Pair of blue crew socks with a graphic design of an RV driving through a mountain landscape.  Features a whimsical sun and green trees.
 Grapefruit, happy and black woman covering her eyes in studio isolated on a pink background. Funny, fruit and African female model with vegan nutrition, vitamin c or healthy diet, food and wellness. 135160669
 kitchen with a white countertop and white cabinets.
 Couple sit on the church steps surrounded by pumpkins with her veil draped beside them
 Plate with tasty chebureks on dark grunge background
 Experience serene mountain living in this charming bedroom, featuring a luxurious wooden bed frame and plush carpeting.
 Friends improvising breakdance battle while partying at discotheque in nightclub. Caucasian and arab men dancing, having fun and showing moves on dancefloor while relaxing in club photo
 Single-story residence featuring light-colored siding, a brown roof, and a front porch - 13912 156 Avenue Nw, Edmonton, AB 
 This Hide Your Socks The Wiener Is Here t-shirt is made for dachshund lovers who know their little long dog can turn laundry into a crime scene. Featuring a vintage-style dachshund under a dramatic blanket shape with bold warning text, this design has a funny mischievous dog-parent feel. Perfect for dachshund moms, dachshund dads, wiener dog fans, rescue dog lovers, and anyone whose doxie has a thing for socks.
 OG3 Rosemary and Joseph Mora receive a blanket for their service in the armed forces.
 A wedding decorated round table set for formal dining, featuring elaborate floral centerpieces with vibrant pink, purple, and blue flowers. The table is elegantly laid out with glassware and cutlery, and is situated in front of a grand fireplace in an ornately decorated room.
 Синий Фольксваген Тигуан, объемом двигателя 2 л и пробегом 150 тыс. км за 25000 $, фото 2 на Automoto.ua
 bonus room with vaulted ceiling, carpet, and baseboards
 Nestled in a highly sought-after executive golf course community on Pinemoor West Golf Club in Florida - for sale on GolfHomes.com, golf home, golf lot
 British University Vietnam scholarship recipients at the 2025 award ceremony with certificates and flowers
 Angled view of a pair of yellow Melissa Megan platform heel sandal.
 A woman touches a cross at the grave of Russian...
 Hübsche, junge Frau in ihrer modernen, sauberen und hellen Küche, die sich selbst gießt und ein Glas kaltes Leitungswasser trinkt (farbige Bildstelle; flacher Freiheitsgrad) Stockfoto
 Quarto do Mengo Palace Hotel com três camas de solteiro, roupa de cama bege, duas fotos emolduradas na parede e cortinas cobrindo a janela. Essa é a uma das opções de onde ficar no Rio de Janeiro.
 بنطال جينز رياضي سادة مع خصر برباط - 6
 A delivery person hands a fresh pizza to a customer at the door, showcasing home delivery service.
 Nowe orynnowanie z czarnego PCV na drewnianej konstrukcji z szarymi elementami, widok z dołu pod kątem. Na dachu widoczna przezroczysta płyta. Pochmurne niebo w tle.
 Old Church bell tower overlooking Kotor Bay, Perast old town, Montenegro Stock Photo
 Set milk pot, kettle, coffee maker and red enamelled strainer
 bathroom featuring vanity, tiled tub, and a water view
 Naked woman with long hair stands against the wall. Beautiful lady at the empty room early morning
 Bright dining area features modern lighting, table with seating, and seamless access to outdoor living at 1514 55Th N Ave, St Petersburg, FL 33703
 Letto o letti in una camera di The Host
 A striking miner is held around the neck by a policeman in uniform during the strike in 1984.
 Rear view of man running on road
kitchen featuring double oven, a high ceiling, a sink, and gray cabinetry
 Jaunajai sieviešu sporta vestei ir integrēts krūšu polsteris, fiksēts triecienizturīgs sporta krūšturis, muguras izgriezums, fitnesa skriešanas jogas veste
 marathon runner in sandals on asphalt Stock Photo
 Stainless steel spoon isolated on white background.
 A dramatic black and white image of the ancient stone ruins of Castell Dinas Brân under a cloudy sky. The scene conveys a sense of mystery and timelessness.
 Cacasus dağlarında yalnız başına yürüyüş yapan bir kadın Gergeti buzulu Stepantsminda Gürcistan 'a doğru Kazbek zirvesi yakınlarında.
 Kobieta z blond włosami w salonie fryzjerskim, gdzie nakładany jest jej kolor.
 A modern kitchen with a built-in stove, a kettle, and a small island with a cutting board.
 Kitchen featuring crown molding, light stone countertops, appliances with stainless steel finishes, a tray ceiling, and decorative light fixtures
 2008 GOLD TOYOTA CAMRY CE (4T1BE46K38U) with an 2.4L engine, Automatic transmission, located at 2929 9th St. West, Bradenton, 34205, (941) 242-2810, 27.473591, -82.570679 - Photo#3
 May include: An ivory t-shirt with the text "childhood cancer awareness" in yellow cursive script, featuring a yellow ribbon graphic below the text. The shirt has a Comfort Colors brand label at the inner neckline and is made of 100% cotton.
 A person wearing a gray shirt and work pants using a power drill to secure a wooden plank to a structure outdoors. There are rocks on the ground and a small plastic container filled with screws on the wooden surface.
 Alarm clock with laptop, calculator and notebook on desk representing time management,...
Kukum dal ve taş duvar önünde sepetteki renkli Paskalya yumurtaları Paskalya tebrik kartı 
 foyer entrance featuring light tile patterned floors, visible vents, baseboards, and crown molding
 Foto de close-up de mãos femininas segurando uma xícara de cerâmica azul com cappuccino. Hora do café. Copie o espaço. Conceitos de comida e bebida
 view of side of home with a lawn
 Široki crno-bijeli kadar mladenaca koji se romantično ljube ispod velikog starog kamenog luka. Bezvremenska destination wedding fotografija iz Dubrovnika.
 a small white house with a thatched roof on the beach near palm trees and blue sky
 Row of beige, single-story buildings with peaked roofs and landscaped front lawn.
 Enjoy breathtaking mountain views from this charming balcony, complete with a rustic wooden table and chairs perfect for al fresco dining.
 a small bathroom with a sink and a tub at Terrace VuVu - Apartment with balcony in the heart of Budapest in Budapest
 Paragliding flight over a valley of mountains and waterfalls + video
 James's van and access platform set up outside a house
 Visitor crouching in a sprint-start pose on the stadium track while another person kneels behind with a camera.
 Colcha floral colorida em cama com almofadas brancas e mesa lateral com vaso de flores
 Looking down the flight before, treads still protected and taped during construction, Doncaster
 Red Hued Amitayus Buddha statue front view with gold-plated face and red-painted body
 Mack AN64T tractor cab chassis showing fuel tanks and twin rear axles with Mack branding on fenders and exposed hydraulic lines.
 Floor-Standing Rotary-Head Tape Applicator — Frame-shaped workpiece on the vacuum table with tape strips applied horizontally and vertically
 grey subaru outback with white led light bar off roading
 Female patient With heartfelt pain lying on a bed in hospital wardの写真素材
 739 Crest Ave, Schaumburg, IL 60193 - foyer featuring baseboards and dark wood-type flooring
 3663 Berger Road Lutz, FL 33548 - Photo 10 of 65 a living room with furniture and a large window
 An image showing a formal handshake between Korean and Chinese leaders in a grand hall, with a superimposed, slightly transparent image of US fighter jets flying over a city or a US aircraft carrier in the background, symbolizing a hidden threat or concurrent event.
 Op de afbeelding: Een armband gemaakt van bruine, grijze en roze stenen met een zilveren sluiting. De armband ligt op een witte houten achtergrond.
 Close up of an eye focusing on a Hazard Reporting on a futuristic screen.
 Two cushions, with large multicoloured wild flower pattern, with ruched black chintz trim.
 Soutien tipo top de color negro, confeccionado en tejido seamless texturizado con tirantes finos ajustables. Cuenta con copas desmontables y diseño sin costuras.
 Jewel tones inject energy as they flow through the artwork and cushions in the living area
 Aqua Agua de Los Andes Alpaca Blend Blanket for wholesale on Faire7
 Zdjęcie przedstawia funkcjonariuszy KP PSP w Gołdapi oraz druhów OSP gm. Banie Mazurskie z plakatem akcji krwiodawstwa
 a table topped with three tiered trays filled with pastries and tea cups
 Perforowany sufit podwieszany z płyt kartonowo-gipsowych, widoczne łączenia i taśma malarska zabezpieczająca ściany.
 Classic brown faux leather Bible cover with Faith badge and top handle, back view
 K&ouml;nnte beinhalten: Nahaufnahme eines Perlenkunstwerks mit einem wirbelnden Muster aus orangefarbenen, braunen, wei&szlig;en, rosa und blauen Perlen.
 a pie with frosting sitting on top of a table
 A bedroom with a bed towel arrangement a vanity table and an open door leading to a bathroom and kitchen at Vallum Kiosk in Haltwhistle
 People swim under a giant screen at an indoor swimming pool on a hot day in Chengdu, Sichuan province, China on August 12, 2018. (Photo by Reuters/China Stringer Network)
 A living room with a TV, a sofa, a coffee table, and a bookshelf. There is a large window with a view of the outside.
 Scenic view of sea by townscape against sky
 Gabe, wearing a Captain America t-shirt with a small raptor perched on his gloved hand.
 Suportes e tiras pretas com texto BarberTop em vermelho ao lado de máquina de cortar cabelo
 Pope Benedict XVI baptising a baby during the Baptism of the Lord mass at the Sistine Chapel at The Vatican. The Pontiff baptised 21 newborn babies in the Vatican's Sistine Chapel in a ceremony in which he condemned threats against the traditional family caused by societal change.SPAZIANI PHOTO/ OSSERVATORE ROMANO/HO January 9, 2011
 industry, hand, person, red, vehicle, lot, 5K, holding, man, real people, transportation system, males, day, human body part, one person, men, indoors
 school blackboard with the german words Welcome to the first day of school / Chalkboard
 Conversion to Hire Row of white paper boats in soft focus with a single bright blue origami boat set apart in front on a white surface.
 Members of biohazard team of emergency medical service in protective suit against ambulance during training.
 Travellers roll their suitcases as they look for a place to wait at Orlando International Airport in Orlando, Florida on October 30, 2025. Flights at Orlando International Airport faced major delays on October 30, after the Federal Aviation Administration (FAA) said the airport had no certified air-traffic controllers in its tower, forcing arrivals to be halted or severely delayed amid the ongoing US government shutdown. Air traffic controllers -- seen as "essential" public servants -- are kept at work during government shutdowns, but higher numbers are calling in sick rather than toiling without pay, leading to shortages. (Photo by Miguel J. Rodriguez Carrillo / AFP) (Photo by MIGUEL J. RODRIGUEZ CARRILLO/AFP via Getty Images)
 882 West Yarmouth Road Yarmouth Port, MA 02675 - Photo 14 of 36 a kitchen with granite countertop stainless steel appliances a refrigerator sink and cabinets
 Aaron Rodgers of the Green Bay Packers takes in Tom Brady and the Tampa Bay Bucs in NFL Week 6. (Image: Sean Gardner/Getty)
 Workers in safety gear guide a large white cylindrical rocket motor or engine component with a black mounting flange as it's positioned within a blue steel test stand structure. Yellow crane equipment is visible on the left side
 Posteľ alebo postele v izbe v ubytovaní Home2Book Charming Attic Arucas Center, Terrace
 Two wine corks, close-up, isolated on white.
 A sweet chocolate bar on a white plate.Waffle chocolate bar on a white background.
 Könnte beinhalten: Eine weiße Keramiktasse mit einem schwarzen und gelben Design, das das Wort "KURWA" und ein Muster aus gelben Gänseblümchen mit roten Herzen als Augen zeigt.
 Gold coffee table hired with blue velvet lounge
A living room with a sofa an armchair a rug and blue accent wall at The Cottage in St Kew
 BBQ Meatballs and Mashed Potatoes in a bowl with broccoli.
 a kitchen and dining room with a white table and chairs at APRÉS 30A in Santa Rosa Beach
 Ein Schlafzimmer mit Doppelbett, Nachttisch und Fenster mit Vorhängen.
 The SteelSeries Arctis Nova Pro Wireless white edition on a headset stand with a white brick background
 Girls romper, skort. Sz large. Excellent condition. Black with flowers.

::::::::::

What is expected:
Among the entries above, the line containing "Gabe, wearing a", the line containing "Conversion to Hire", and all lines between them are to be restated word for word; nothing else belongs in the reply.

Reply:
 Gabe, wearing a Captain America t-shirt with a small raptor perched on his gloved hand.
 Suportes e tiras pretas com texto BarberTop em vermelho ao lado de máquina de cortar cabelo
 Pope Benedict XVI baptising a baby during the Baptism of the Lord mass at the Sistine Chapel at The Vatican. The Pontiff baptised 21 newborn babies in the Vatican's Sistine Chapel in a ceremony in which he condemned threats against the traditional family caused by societal change.SPAZIANI PHOTO/ OSSERVATORE ROMANO/HO January 9, 2011
 industry, hand, person, red, vehicle, lot, 5K, holding, man, real people, transportation system, males, day, human body part, one person, men, indoors
 school blackboard with the german words Welcome to the first day of school / Chalkboard
 Conversion to Hire Row of white paper boats in soft focus with a single bright blue origami boat set apart in front on a white surface.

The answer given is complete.